III. The International Law
Claims
[52]
Turning
to the second argument advanced by Mr. Najafi, as indicated, this argument
involves the claim that the Division erred in failing to appropriately apply
international law principles to its interpretation of “subversion by force” in
paragraph 34(1)(b) of the IRPA.
A. Basis
of the Claims
[53]
More
specifically, Mr. Najafi asserts that both the common law and subsection 3(3)

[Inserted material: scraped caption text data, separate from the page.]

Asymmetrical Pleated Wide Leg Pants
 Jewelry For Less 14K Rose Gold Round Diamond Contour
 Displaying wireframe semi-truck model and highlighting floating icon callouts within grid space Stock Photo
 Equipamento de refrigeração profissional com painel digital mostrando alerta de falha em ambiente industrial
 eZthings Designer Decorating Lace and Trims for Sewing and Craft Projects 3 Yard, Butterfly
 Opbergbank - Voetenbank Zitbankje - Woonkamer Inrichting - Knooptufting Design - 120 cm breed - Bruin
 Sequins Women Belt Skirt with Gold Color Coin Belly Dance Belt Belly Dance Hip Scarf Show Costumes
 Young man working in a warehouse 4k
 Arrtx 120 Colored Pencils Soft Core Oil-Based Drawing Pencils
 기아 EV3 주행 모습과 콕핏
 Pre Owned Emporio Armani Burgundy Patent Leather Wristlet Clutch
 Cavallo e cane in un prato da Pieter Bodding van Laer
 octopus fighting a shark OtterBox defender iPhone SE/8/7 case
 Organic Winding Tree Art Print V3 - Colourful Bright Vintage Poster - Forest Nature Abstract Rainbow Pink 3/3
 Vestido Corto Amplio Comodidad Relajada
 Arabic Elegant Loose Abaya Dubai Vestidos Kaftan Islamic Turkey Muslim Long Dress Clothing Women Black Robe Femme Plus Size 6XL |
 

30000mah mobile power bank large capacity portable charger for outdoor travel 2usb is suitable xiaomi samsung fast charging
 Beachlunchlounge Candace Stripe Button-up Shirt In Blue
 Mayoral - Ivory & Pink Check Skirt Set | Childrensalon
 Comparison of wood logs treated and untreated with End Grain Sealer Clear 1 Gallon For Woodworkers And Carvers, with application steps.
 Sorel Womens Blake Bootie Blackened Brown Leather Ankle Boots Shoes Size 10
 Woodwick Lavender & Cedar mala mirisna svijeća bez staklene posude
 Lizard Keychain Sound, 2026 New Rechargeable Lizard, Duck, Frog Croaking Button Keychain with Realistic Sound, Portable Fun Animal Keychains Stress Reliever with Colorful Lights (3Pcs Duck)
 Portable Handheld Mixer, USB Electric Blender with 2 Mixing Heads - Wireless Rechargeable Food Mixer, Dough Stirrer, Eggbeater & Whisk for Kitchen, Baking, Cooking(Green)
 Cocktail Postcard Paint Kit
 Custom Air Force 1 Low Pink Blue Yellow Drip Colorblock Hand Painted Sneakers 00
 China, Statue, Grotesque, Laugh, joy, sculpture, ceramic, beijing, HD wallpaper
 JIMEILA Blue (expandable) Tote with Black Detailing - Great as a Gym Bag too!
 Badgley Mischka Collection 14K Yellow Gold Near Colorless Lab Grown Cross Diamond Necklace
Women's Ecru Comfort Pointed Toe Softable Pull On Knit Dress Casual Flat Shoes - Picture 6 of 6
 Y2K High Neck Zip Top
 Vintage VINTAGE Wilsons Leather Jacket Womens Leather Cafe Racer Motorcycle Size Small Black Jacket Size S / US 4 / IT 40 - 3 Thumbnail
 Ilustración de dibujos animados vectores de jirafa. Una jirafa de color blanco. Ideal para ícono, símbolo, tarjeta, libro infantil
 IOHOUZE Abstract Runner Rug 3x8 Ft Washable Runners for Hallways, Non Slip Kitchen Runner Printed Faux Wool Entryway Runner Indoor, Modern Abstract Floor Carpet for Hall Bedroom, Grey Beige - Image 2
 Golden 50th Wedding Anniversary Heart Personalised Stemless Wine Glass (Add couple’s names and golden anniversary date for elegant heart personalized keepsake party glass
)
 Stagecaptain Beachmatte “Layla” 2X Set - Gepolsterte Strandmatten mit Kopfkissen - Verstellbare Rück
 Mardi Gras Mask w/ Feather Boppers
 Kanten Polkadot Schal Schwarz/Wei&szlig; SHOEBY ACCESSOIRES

of the IRPA require that the Act be interpreted in a manner consistent with
international law. He argues that international law recognizes the legality of
the use of force in pursuit of a people’s right to self-determination if they
are “non-self-governing, and subject to a racist regime, alien subjugation,
foreign domination, and exploitation/oppression/repression” (Applicant’s
Memorandum of Fact and Law at para 61). Mr. Najafi filed expert evidence with
the Division from two international law experts, which supports the argument
that the Kurds in Iran meet this definition of a “people” who may legitimately
resort to the use of force in pursuit of its right to self-determination.
[54]
One
of those experts, Professor Craig Forcese, relies on the language of Article
1(4) of Protocol
Additional to the Geneva Conventions of 12 August 1949, and relating to the
Protection of Victims of International Armed Conflicts (Protocol I), 8 June 1977, 1125 UNTS 3
(entered into force 7 December 1979, ratified in Canada in 1990) [Additional
Protocol I], which
states that it applies to “armed conflicts in which peoples are fighting
against colonial domination and alien occupation and against racist regimes in
the exercise of their right of self-determination, as enshrined in the Charter
of the United Nations and the Declaration on Principles of International Law
concerning Friendly Relations and Cooperation among States in accordance with
the Charter of the United Nations.” Professor Forcese argues that peoples using
force to pursue self-determination should be considered to be engaged in an
internal armed conflict as part of an armed force and thus protected by
combatant’s privilege (or combatant immunity) under international law, in light
of Article 1(4) of Additional Protocol I.
[55]
The
other expert, Professor René Provost, argues that “the right of peoples to
self-determination is now well entrenched in treaty and customary public
international law” and that this right provides, in exceptional circumstances,
a legal right to use of force to bring about “external” self-determination (i.e.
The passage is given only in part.